What a load of bolix banzi


----------



## banzi (Mar 9, 2014)

> What a load of bolix banzi


How do you know, you are natty.


----------



## waaky (Feb 12, 2015)

Bull****! They use steroids and get free supplements all year round. I dont get why they have the need to lie about it, who gives a **** if you take roids or not, if hes an honest and straight up guy then him using roids shouldn't effect anyone else.. They are doing it for themselves


----------



## TLWFAP (Sep 20, 2013)

Forget this natty business. Why is Simeon Panda allowed to speak? His voice is UNBELIEVABLY irritating.


----------



## TLWFAP (Sep 20, 2013)

banzi said:


> If you train natty you will get as big as you are going to get in 2 years, thats you then maxed out
> 
> Using gear takes 5 years, then thats you done.

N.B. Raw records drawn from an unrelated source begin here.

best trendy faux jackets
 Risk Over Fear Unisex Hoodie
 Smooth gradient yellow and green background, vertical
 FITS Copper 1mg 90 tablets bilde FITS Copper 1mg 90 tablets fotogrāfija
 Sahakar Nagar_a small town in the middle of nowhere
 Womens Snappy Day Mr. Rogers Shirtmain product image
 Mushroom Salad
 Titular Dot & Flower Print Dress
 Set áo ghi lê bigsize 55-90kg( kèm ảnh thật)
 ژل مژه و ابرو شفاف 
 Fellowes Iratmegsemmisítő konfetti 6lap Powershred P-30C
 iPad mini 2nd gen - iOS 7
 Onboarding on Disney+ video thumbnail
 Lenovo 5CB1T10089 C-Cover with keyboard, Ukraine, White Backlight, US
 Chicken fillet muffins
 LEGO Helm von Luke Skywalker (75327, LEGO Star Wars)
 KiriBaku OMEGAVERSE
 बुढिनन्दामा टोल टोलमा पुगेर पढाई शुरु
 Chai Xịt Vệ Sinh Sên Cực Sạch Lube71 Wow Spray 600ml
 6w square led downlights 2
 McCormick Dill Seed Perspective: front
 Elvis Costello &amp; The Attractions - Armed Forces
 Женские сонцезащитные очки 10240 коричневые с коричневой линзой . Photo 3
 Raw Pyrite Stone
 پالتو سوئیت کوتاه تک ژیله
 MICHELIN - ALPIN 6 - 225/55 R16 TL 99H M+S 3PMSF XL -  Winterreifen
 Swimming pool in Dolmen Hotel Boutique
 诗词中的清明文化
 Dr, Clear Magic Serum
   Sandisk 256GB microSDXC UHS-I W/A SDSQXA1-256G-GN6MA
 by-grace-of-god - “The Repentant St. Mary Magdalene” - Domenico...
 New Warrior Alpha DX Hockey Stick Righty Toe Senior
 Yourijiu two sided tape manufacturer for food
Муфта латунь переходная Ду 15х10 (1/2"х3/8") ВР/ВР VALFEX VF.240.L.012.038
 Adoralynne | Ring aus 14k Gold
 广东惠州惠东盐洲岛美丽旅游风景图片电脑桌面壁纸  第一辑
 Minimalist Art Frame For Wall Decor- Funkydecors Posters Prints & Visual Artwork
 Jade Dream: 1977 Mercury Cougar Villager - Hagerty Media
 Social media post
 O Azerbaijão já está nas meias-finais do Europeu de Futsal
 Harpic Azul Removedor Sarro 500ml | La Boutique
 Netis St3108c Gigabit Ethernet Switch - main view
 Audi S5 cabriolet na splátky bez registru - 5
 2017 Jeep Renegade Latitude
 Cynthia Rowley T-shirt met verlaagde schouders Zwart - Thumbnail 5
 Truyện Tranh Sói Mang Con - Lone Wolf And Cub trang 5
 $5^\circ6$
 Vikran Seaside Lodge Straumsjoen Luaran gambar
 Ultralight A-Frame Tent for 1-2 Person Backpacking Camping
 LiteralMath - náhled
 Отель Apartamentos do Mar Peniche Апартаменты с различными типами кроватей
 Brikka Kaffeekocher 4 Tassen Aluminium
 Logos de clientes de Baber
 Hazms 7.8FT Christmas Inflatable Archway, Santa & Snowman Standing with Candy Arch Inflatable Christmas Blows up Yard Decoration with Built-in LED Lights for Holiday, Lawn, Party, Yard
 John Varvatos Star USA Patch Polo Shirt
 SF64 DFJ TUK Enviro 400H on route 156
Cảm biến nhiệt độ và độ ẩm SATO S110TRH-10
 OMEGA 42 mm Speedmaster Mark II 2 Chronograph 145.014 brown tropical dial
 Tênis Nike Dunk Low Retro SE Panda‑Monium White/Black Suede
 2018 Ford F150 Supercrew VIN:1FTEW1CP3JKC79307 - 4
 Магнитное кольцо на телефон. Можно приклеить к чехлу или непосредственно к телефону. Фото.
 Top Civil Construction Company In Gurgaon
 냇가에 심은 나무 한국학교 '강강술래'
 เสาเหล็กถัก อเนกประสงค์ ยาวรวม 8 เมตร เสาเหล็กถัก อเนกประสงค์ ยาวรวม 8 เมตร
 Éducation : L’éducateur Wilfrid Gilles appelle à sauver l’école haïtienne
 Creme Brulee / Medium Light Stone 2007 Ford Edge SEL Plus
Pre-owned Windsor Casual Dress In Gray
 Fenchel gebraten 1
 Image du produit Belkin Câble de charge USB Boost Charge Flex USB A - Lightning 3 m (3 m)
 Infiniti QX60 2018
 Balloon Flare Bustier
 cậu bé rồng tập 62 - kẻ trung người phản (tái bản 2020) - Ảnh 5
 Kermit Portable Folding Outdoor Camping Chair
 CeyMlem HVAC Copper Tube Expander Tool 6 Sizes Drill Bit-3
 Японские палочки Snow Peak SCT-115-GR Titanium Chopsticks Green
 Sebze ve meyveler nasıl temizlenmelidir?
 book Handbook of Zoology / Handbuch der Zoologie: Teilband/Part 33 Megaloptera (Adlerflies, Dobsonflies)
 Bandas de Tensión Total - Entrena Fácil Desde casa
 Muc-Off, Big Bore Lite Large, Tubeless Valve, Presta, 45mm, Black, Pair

Don't say stuff like this, people will actually believe you mate lol


----------



## nWo (Mar 25, 2014)

Come on lads, you know you're gonna be asked this question, at least rehe**** a response so you don't start stuttering and show yourself to be a rubbish liar :lol:


----------



## DaveCW (Dec 9, 2013)

Starz said:


> No. fantastic physique & strength, but like I said, I can't rate a guy like him.* I'd love to know, what he tells young kids*, who clearly are inspired by him, when they ask how he got like that. it's as almost like, when someone asks you for directions and you tell them the complete wrong direction to head, knowing full well they will never reach their destination. BUT, persistently stating it's the correct direction, because you got there yourself, that's more or less a Simeon Panda tactic right there.


Same thing my mum told me... Eat Ya Greens..


----------



## peanutbob69 (Aug 26, 2010)

> What a load of bolix banzi


Well if it takes you longer than 2 years to max out as a natty then you must be doing something wrong...you might still get stronger but not bigger. You might get bigger but with more bodyfat.


----------



## TRT lifter (Oct 25, 2014)

Their answers to the last question at 13:20 sums up their credibility for me.


----------



## The-Real-Deal (Dec 5, 2014)

banzi said:


> How do you know, you are natty.


because I have trained for more than two years..... :whistling:


----------



## The-Real-Deal (Dec 5, 2014)

peanutbob69 said:


> Well if it takes you longer than 2 years to max out as a natty then you must be doing something wrong...you might still get stronger but not bigger. You might get bigger but with more bodyfat.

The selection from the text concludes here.